# Exercise details
Leave out the pictures and retype exactly the lines from the line with "Pré-visualização do prompt: Peça" through the end of the listing below.

# Records for the task
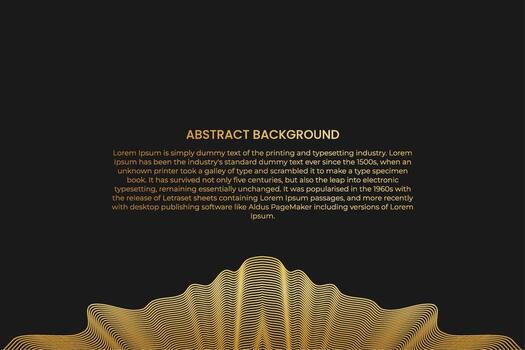 fondo abstracto con onda de línea dorada. estilo de lujo patrón tecnológico. línea ondulada curva, raya suave vector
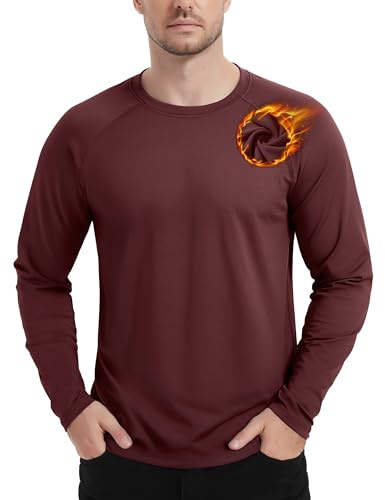 TACVASEN Thermoshirt Hommes Longsleeve sous-vêtements T-Shirt Fonctionnel Hommes Ski Basic Tshirt Polaire intérieure Pull d'hiver Rouge vin, L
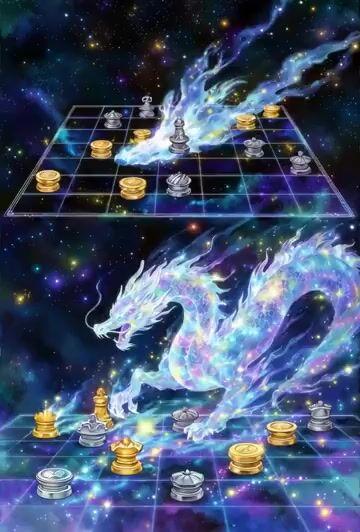 Pré-visualização do prompt: Peça de Shogi transformando-se em um dragão no espaço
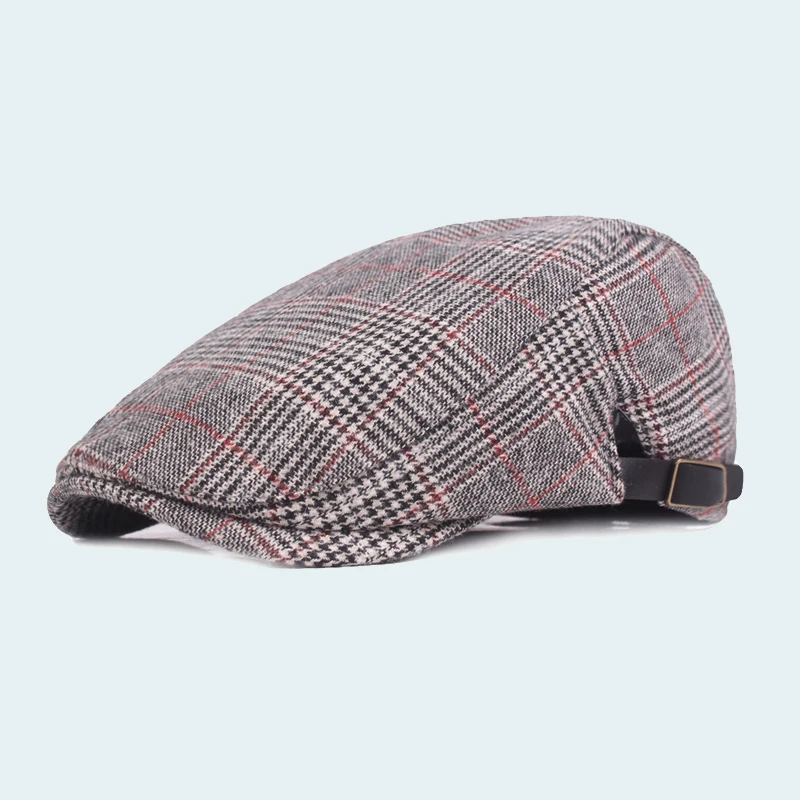 plaid driving cap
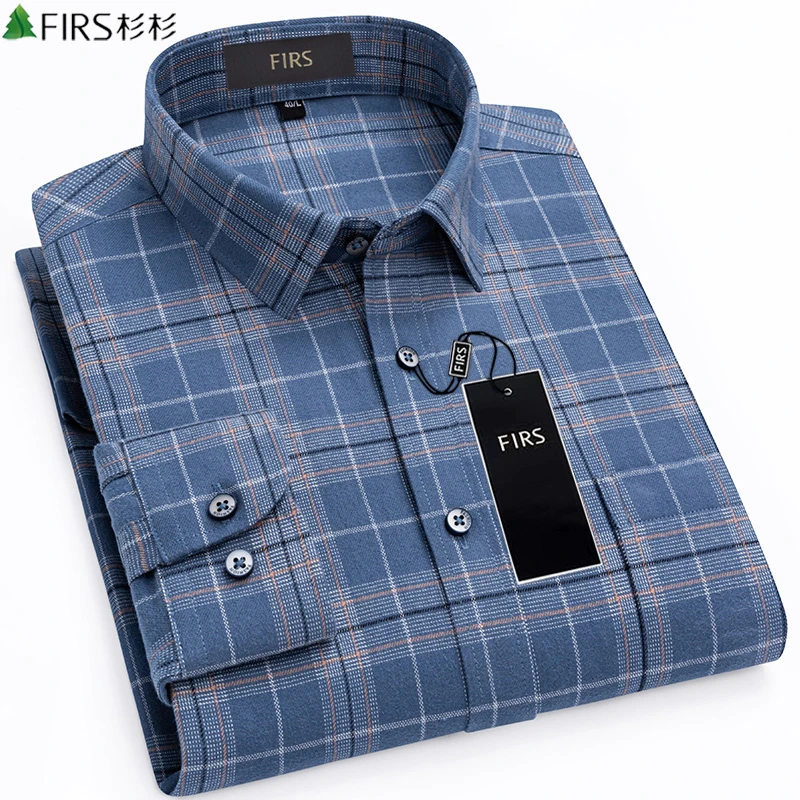 【纯棉磨毛】衫衫2025秋冬季格子衬衫男长袖新款休闲爸爸装秋季衬衣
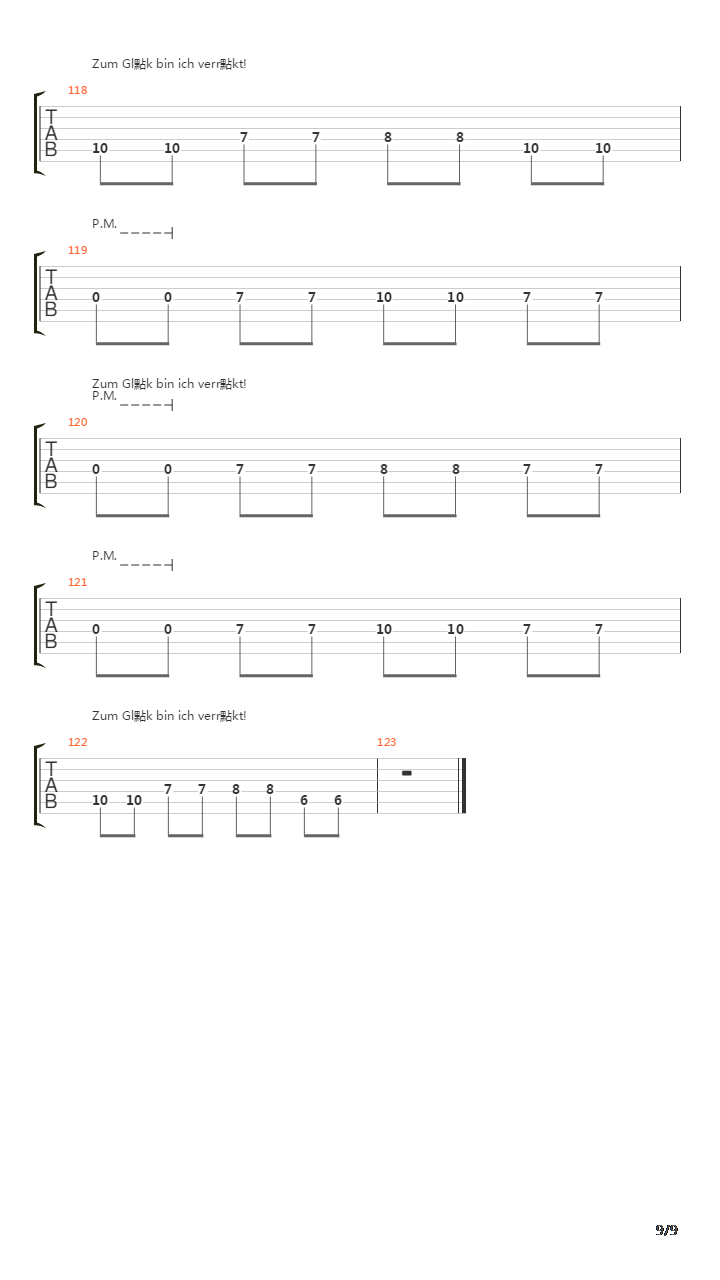 Verruckt吉他谱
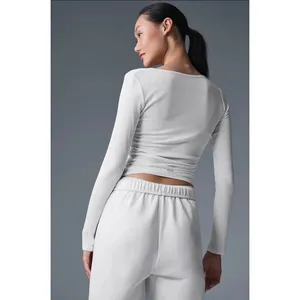 Alo Yoga Gather Long Sleeve White Ribbed Ruched Crop Top XS thumbnail 11
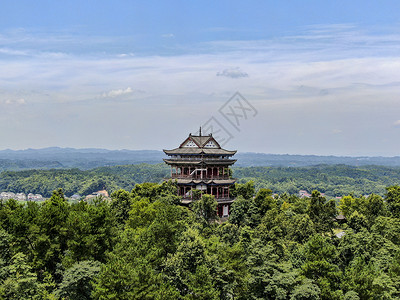 湖南常德桃花源5A景区航拍图片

# Task result
 Pré-visualização do prompt: Peça de Shogi transformando-se em um dragão no espaço
 plaid driving cap
 【纯棉磨毛】衫衫2025秋冬季格子衬衫男长袖新款休闲爸爸装秋季衬衣
 Verruckt吉他谱
 Alo Yoga Gather Long Sleeve White Ribbed Ruched Crop Top XS thumbnail 11
 湖南常德桃花源5A景区航拍图片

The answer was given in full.